Thanks for the responses guys. Yeah, I was reading the manual (shocking, I know) last night and Lo and Behold on page 81 it says, "just connect a DVD recorder instead of a vcr and use the save to vcr procedure.......". Needless to say I was shocked. It remains to be seen if it really works as claimed. Does it matter if you use -R or +R blank disks, anybody know?


----------



## maharg18 (Dec 4, 2002)

The Tivo could care less what type of discs you use. The DVD recorder is just recording from the analog outputs of the Tivo, so of course it will work as "claimed".


----------



## A J Ricaud (Jun 25, 2002)

Just remember that you have to set the HD Tivo's output resolution to 480i while the DVD/VCR is recording, then switch it back to high definition (i.e. 720P or 1080i) when done.


----------



## JimSpence (Sep 19, 2001)

The DVD recorder will care which DVD format discs are being used. Not all recorders can use both - and +.


----------



## michael1248 (Feb 14, 2002)

I just bought a Samsung DVD Recorder and seem to rememeber there was talk a while back on how to "Save To VCR-DVD" and make sure the aspect ration is not "squished." If I am recording from my (widescreen) setup, how do I make sure that the picture will play correctly on a non-widescreen TV?


----------



## misterdk (Dec 31, 2005)

I just brought home my new DVD recorder. I went for the L/G LRY-517. I read some favorable reviews on the unit and it seems to have just about all the currently available bells and whistles. I'll let the Forum know how it performs for me. Another comment....and I'm probably not the first to say it, but, I'm pretty disappointed in the HD picture quality. It is not "stunningly vibrant beyond my wildest expectations..." or words to that effect. But I'll give it time. I'm using the Hughes HR10-250 HDDVR with a Phillips 37" HD LCD TV. I connect the DVR to TV via the HDMI cable and I'm using a digital optical audio cable into my Yamaha HTR-5740 receiver. I'd like to hear other opinions about the HD quality that you are receiving. I didn't really expect "night and day" difference but I was hoping.......
Thanks for the tips and comments.


----------



## A J Ricaud (Jun 25, 2002)

Usually, the difference between SD and HD is pretty dramatic. What resolution do you have the HD Tivo set at? Is it possible that you have it set at SD resolution, i.e. 480i/480p?
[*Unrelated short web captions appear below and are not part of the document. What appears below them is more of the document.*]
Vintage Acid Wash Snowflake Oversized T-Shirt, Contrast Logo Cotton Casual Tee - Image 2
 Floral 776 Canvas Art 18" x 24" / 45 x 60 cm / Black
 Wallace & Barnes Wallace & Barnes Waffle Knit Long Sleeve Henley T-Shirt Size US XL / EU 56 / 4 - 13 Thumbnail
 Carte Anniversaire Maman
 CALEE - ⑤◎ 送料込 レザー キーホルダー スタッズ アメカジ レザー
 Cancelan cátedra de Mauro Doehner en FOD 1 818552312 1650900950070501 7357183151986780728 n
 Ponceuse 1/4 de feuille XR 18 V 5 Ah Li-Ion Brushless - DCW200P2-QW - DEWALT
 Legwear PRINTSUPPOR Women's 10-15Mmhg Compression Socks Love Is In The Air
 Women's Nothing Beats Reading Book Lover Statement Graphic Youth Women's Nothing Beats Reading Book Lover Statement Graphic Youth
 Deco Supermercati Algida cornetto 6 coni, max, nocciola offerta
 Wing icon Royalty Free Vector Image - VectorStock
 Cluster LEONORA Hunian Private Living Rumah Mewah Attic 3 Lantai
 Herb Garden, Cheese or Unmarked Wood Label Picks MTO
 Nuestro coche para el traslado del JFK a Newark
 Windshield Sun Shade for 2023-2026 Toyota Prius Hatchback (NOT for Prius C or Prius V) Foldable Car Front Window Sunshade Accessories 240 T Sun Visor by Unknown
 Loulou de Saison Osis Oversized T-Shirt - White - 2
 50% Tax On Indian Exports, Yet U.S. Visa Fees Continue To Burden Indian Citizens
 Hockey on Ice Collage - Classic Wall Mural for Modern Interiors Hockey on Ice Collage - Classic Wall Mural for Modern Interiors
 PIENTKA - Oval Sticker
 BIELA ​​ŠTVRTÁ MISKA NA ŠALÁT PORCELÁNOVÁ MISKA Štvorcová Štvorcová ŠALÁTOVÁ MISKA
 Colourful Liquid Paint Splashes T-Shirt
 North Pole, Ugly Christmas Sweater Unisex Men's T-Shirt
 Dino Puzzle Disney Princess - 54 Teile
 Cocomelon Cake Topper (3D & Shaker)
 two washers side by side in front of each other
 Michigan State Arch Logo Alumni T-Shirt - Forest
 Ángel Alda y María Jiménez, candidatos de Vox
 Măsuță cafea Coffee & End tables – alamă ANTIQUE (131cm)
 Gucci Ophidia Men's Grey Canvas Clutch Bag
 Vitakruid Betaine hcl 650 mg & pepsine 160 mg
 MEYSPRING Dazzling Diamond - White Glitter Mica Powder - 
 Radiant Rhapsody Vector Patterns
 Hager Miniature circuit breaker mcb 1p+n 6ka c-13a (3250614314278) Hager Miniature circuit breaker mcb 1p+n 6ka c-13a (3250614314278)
Also, you may have watched an upconverted program that is not really HD.


----------



## misterdk (Dec 31, 2005)

My resolution is at 1080i. What I've observed so far is that any Live broadcast in HD has the very best image. But some of the older movies I've seen on the HD channels don't seem to come close to let's say a live football game. does everybody here say that ALL shows on an HD channel are dramatically different from SD shows? Has anybody used one of the calibration discs I've heard about? Are they worth buying and using? Thanks.


----------



## rlj5242 (Dec 20, 2000)

misterdk said:


> Has anybody used one of the calibration discs I've heard about? Are they worth buying and using?


 I think that almost everyone on the this section of the forum has used one and most find the results worth the price. There are a few that have paid real money ($500+) for a professional calibration. Again, those people found it to be worth the money.

-Robert


----------



## kimsan (Jan 23, 2002)

michael1248 said:


> I just bought a Samsung DVD Recorder and seem to rememeber there was talk a while back on how to "Save To VCR-DVD" and make sure the aspect ration is not "squished." If I am recording from my (widescreen) setup, how do I make sure that the picture will play correctly on a non-widescreen TV?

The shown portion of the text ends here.